**Entries shown**

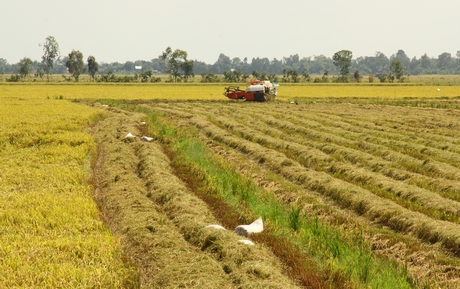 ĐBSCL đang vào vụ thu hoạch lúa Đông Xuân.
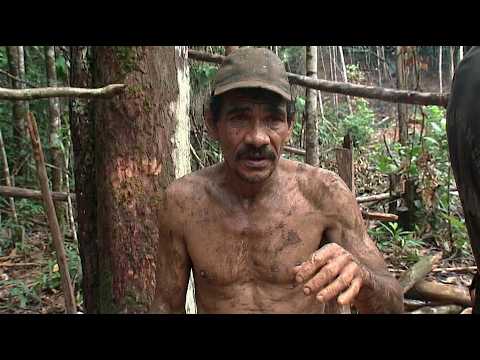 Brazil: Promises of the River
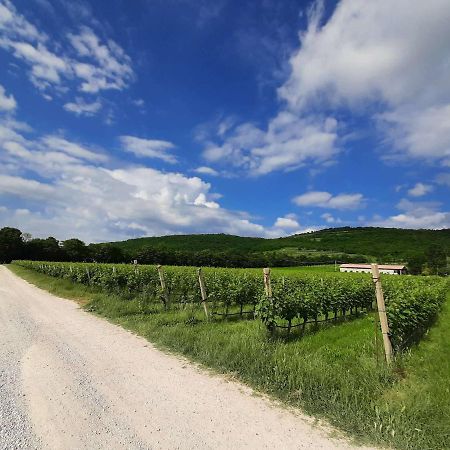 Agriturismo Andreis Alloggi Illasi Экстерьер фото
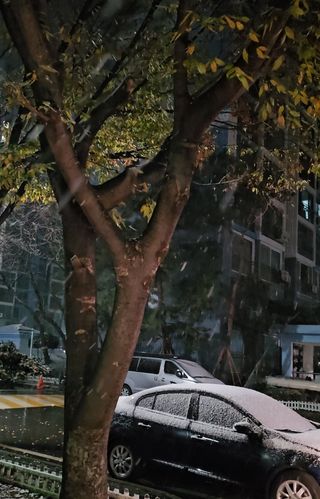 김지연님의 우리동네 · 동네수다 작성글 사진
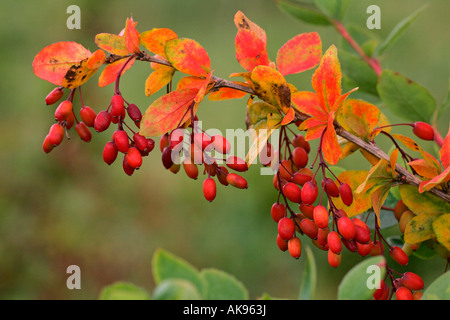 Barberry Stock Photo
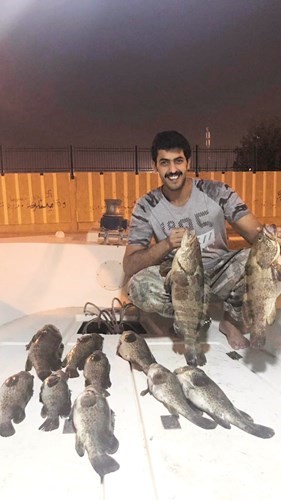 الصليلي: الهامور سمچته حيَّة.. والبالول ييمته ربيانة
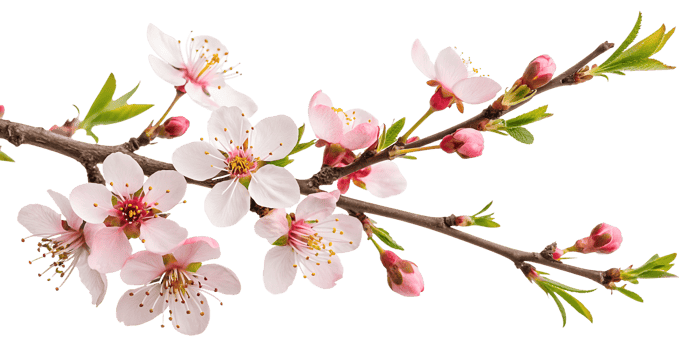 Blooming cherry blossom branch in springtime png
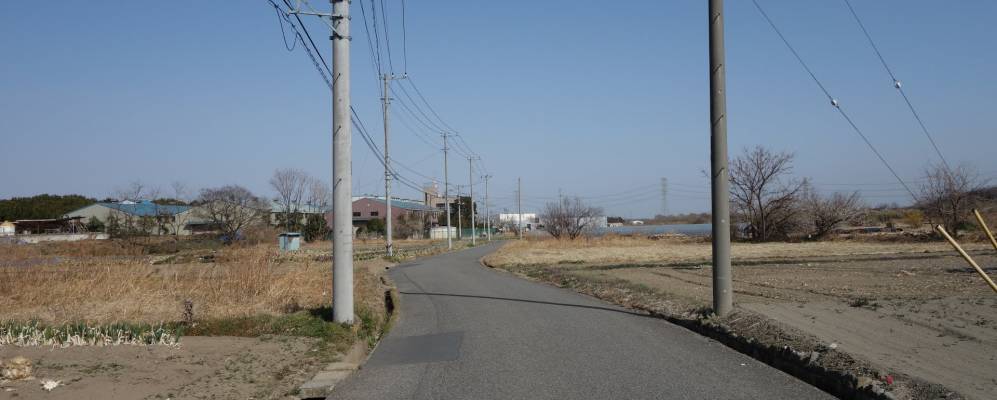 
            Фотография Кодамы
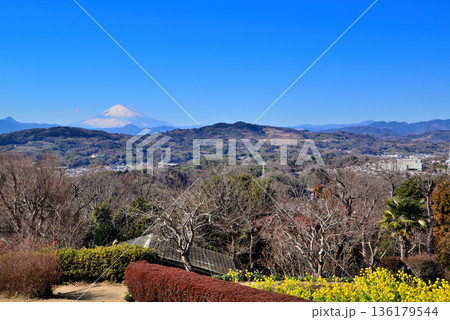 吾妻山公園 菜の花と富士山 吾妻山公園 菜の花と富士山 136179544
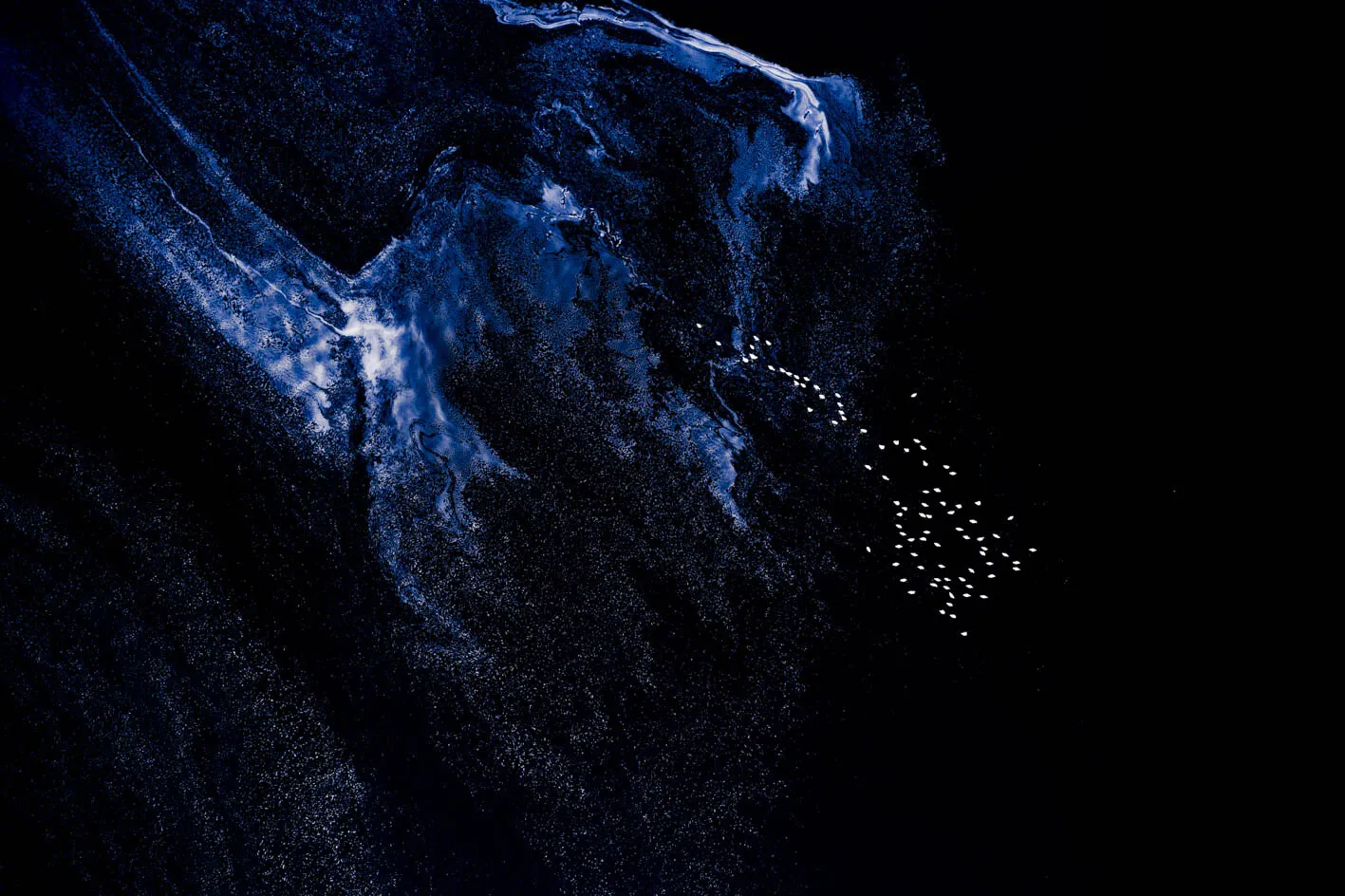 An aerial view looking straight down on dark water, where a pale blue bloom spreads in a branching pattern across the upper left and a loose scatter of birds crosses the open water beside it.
...
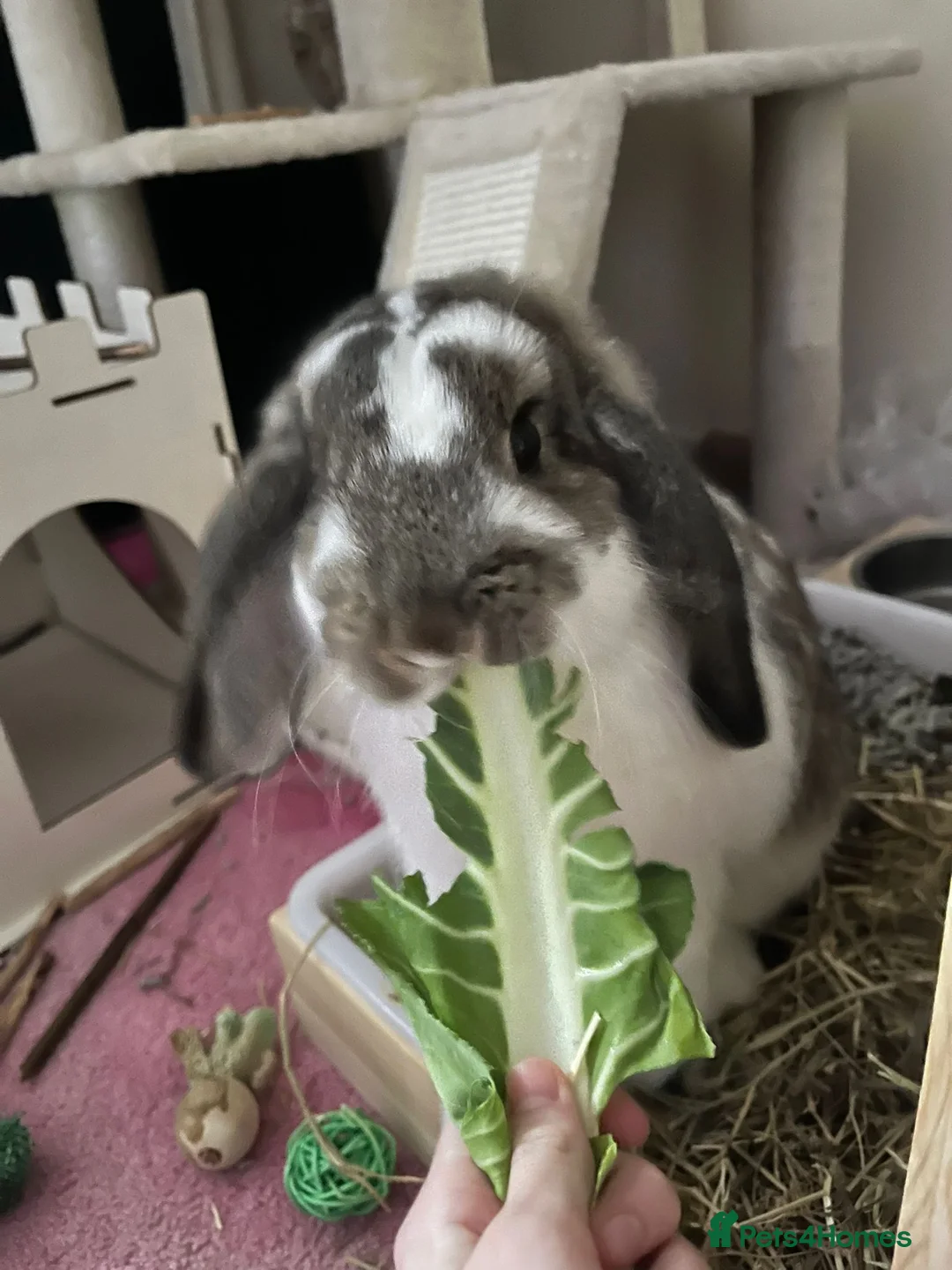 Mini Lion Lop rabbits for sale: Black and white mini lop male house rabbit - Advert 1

**What needs to be done**
Of all the material above, only the lines from the one that has "Agriturismo Andreis Alloggi" down to the one that has "吾妻山公園 菜の花と富士山 吾妻山公園 菜の花と富士山 136179544" are to be written out, exactly and with both ends included. Pictures are skipped.

**Answer area**
 Agriturismo Andreis Alloggi Illasi Экстерьер фото
 김지연님의 우리동네 · 동네수다 작성글 사진
 Barberry Stock Photo
 الصليلي: الهامور سمچته حيَّة.. والبالول ييمته ربيانة
 Blooming cherry blossom branch in springtime png
            Фотография Кодамы
 吾妻山公園 菜の花と富士山 吾妻山公園 菜の花と富士山 136179544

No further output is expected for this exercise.